De incidentele vordering van [X.] werd afgewezen, en het hof oordeelde dat de rechtbank te 's-Hertogenbosch bevoegd was om de zaak te behandelen, aangezien [Y.] in Eindhoven woonachtig was. [X.] werd veroordeeld in de proceskosten van het incident. De zaak werd verwezen naar de rolzitting voor een memorie van antwoord aan de zijde van [Y.].

Uitspraak

typ. JD
rolnr. C0501416/HE
ARREST VAN HET GERECHTSHOF 's-HERTOGENBOSCH,
vierde kamer, van 29 augustus 2006,
gewezen in het incident tot verwijzing in de zaak van:
[X.],
wonende te [woonplaats],
appellant bij exploot van dagvaarding van 30 september 2005,
eiser in het incident,
procureur: mr. Ph.C.M. van der Ven,
tegen:
[Y.],
wonende te [woonplaats],
geïntimeerde bij gemeld exploot,
verweerder in het incident,
procureur: mr. M.A.J. Kemps,
op het hoger beroep van het door de rechtbank 's-Hertogenbosch gewezen vonnis van 27 juli 2005 tussen appellant - [X.] - als eiser en geïntimeerde - [Y.] - als gedaagde.
1. Het geding in eerste aanleg (zaaknr. 107639/HA 04-586)
Voor het geding in eerste aanleg verwijst het hof naar voormeld vonnis.
2. Het geding in hoger beroep
2.1. Bij memorie van grieven heeft [X.] zes grieven aangevoerd en geconcludeerd tot vernietiging van het vonnis waarvan beroep en, kort gezegd, tot het voor zover mogelijk uitvoerbaar bij voorraad alsnog toewijzen van zijn inleidende vorderingen, met veroordeling van [Y.] in de kosten van beide instanties.
2.2. Bij akte van 2 mei 2006 heeft [X.] zijn vordering gewijzigd. [X.] heeft vervolgens bij incidentele vordering van – eveneens - 2 mei 2006 verwijzing van de zaak gevraagd naar het gerechtshof te ’s-Gravenhage, met veroordeling van [Y.] in de kosten van het incident.

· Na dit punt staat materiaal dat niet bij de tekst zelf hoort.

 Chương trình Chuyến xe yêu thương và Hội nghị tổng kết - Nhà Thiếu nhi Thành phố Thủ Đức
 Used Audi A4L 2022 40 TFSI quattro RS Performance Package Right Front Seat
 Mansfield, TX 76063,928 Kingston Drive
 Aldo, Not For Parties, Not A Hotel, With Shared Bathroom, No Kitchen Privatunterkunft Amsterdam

2.3. Ter rolle van 30 mei 2006 heeft [Y.] zich ten aanzien van de eiswijziging mondeling gerefereerd aan het oordeel van het hof. Bij memorie van antwoord in het incident heeft [Y.] verweer gevoerd tegen de incidentele vordering van [X.] en geconcludeerd tot afwijzing daarvan, met veroordeling van [X.] in de kosten van het incident.

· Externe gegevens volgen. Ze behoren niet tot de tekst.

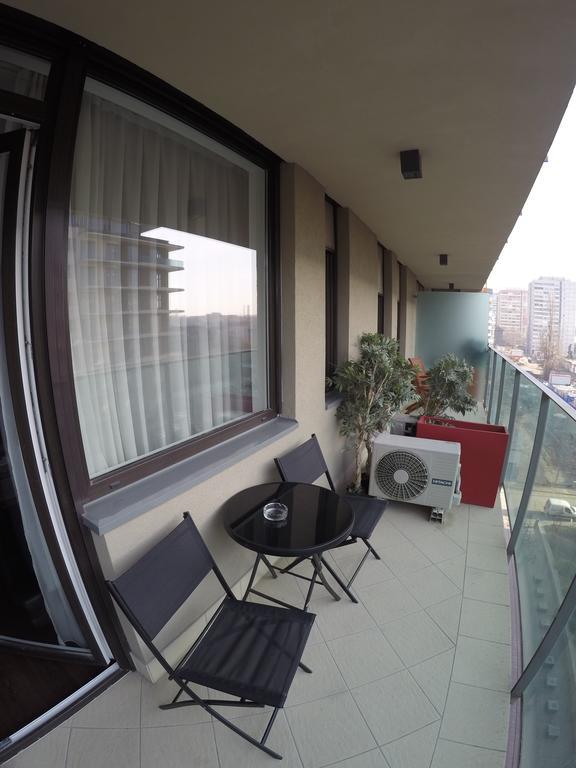 Corvin Lux Aparthotel Budapest Exterior foto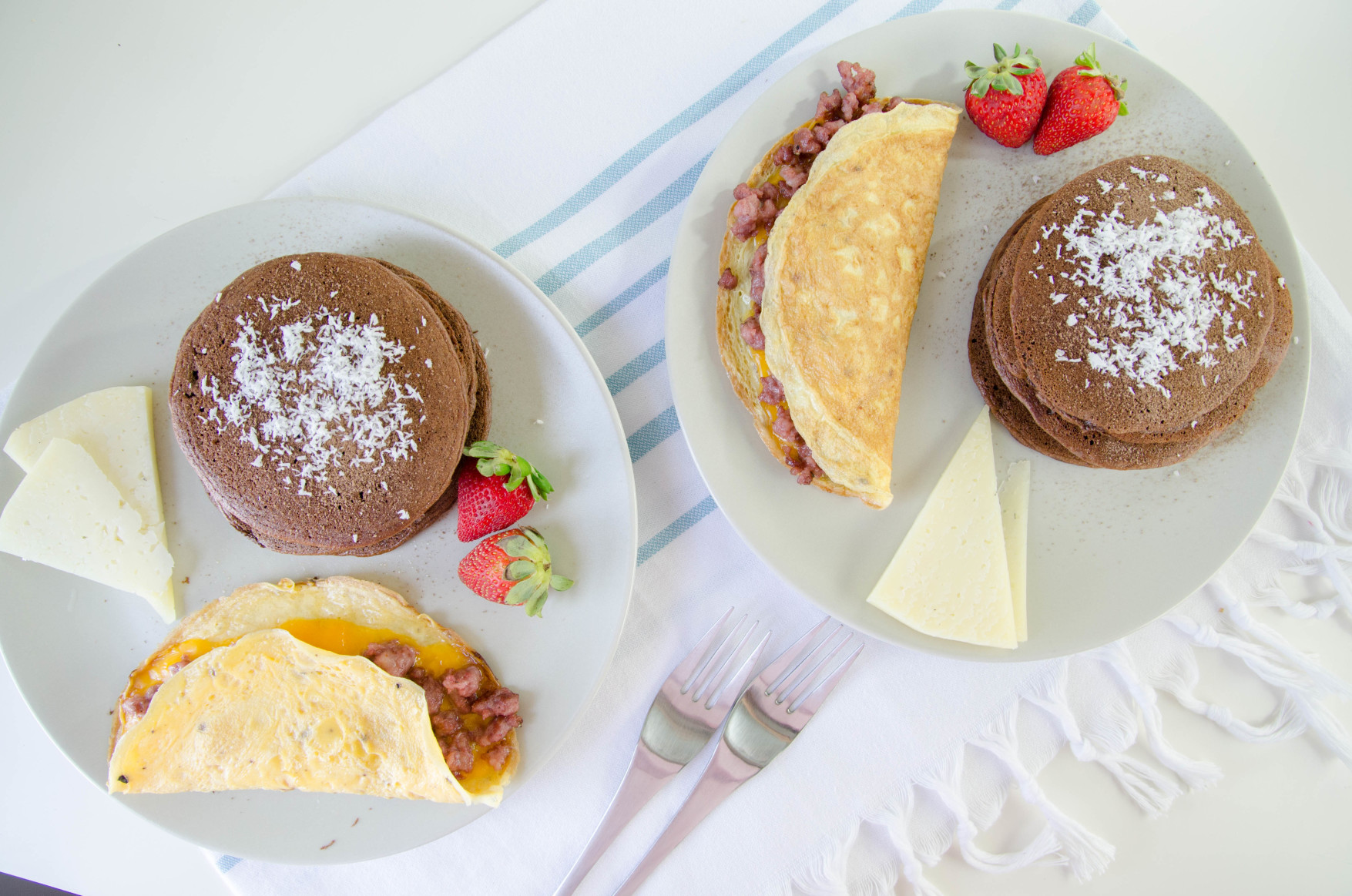 Pancakes de Chocolate y Omelette de Salchicha: Brunch del Domingo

2.4. Partijen hebben daarna de gedingstukken overgelegd en uitspraak gevraagd in het incident. In het door [X.] overgelegde procesdossier ontbreken de bij de conclusie van antwoord in eerste aanleg behorende producties.

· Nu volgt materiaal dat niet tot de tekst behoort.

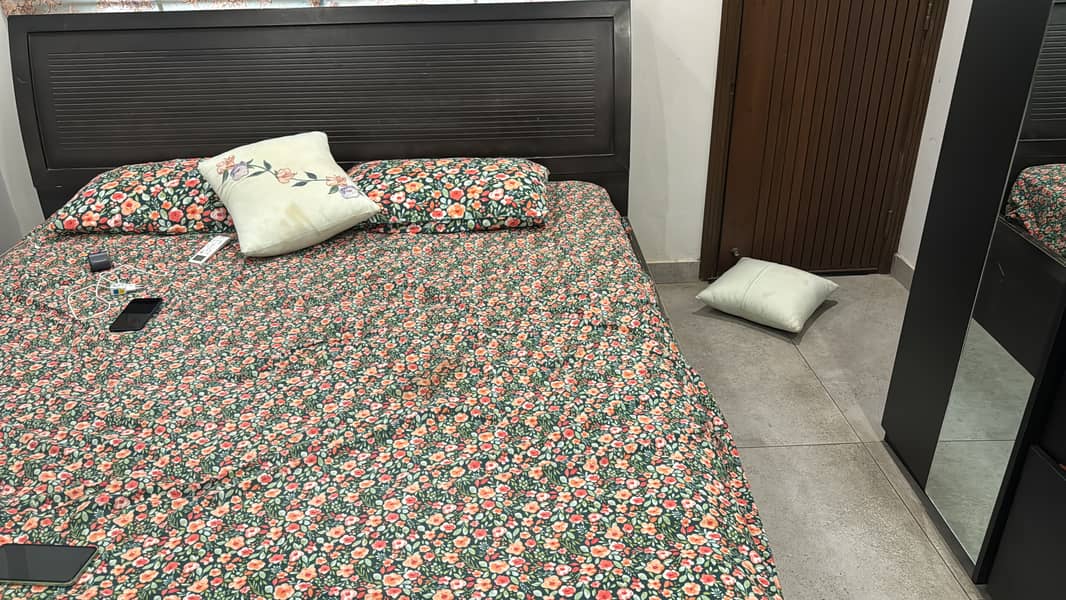 King bed 1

3. Het incident en de beoordeling daarvan
3.1. [X.] stelt zich op het standpunt handhaving van een octrooi te vorderen, waardoor op grond van de wet – bedoeld wordt kennelijk de Rijksoctrooiwet 1995 – uitsluitend de rechter te Den Haag bevoegd zou zijn van het geschil kennis te nemen. [X.] vordert verwijzing naar het gerechtshof te ‘s-Gravenhage.
3.2. Het hof stelt voorop dat de wet niet voorziet in een incidentele vordering zoals de onderhavige. Van een verwijzing op grond van het bepaalde in artikel 353 jo. 220 Rv. kan geen sprake zijn, nu gesteld noch gebleken is dat bij het hof te ’s-Gravenhage eveneens een procedure tussen partijen aanhangig is.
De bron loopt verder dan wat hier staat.